The data:
▶

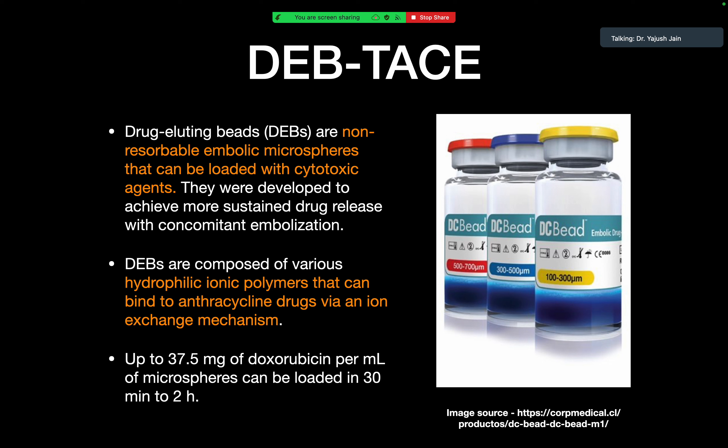Based on data from meta-analyses, cTACE was recognized as the gold standard treatment for intermediate-stage HCC with the highest grade of recommendation (1A) in 2012. Lipiodol carries and delivers the chemotherapy agent to the tumor and causes embolization of the microcirculation. In DEB-TACE, DC beads are non-resorbable embolic microspheres loaded with cytotoxic agents, providing sustained release with concomitant embolization. They are composed of hydrophilic ionic polymers that bind cytotoxic drugs by an ion-exchange mechanism.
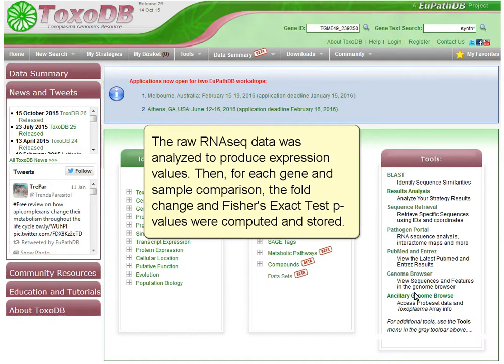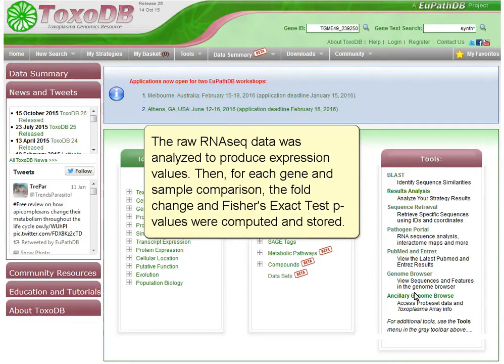The raw RNA-seq data was analyzed to produce expression values. Then, for each gene and sample comparison, the fold change and Fisher's exact test p-values were computed and stored.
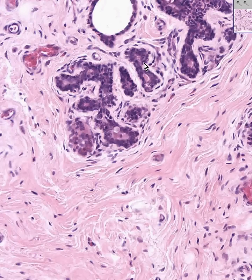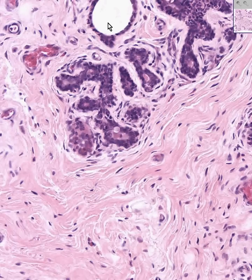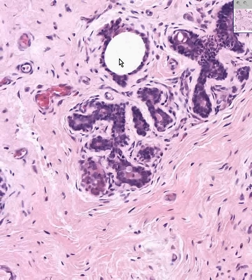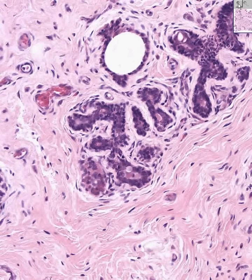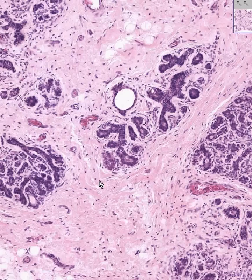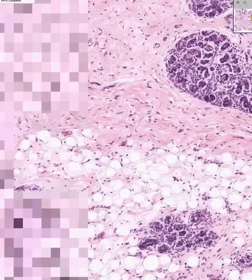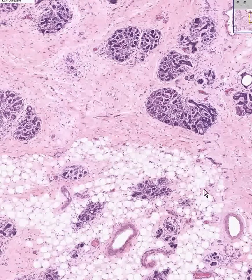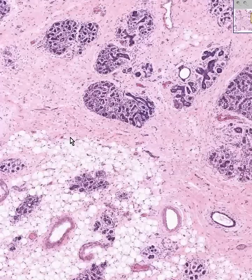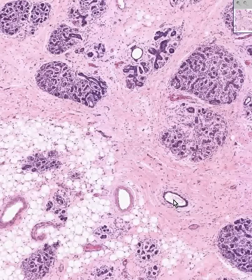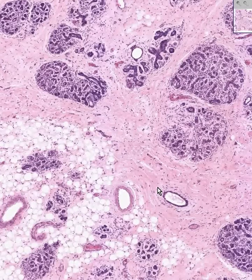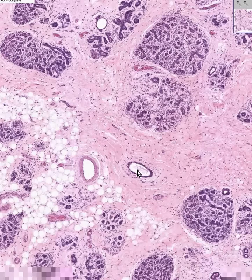The myoepithelial cells contract and they assist the epithelial cells to express the milk product through these ducts — first intralobular, and then ultimately into larger ducts between the lobules, like here, and then ultimately through larger ducts and through the lactiferous ducts through the nipple.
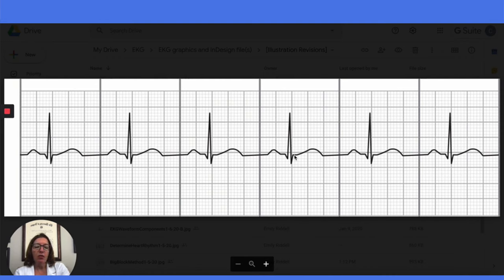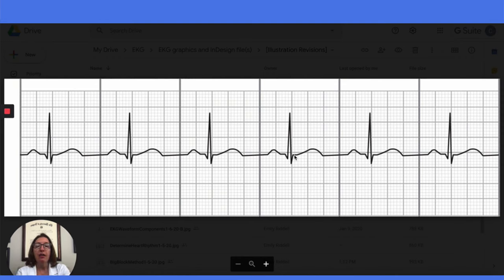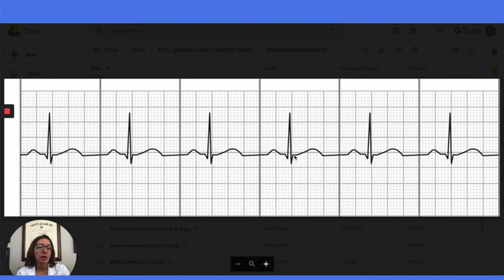So this is how we know we have normal sinus rhythm. Because, as you may recall, the key characteristics of a normal sinus rhythm include P-waves that are upright and uniform in appearance, and there is always a P-wave followed by a QRS complex. So this is normal sinus rhythm — we wish all our patients had this for sure.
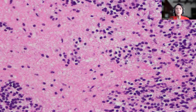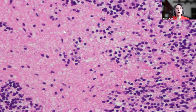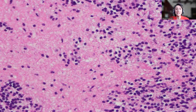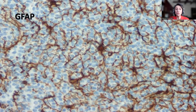A very important clue is the presence of what we call acellular fibrillary zones — large areas composed only of neuropil, with no large amount of tumor cells identified. This is an excellent clue that the case is a neurocytoma.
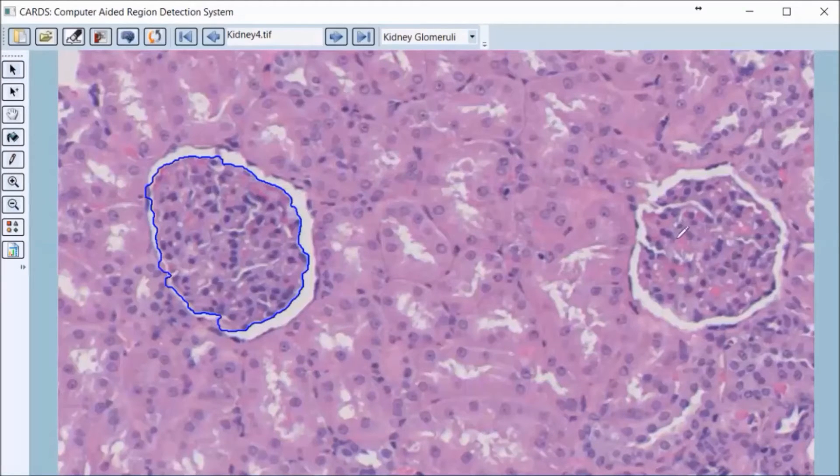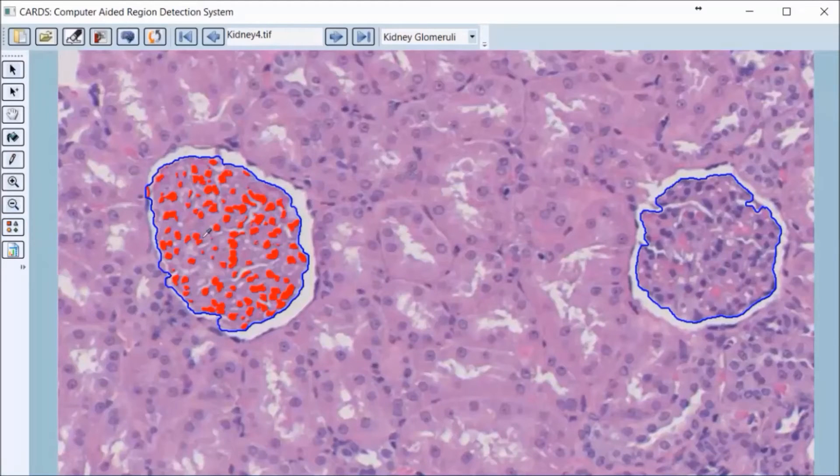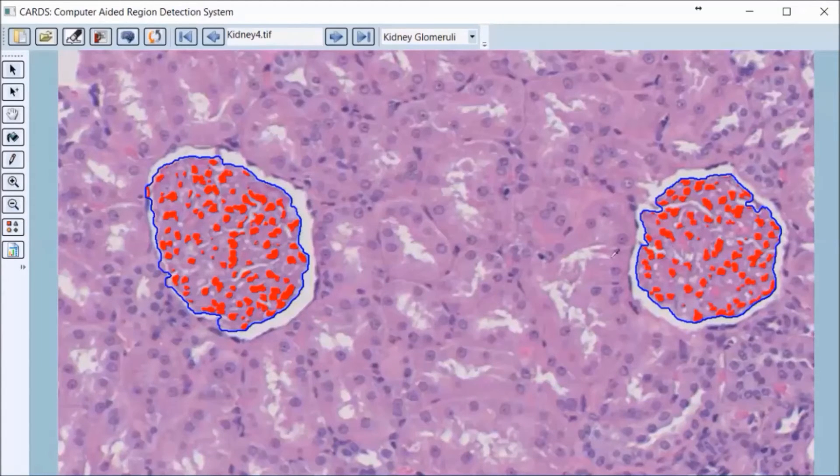Our cellular detection tool for this image highlights the epithelial cells which could aid pathologists to test renal failure.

◀

What is expected:
Nothing but the lines from the one containing "So this is how" through the end of the entries should be written out, exactly and without pictures.

Problem solution:
So this is how we know we have normal sinus rhythm. Because, as you may recall, the key characteristics of a normal sinus rhythm include P-waves that are upright and uniform in appearance, and there is always a P-wave followed by a QRS complex. So this is normal sinus rhythm — we wish all our patients had this for sure.
A very important clue is the presence of what we call acellular fibrillary zones — large areas composed only of neuropil, with no large amount of tumor cells identified. This is an excellent clue that the case is a neurocytoma.
Our cellular detection tool for this image highlights the epithelial cells which could aid pathologists to test renal failure.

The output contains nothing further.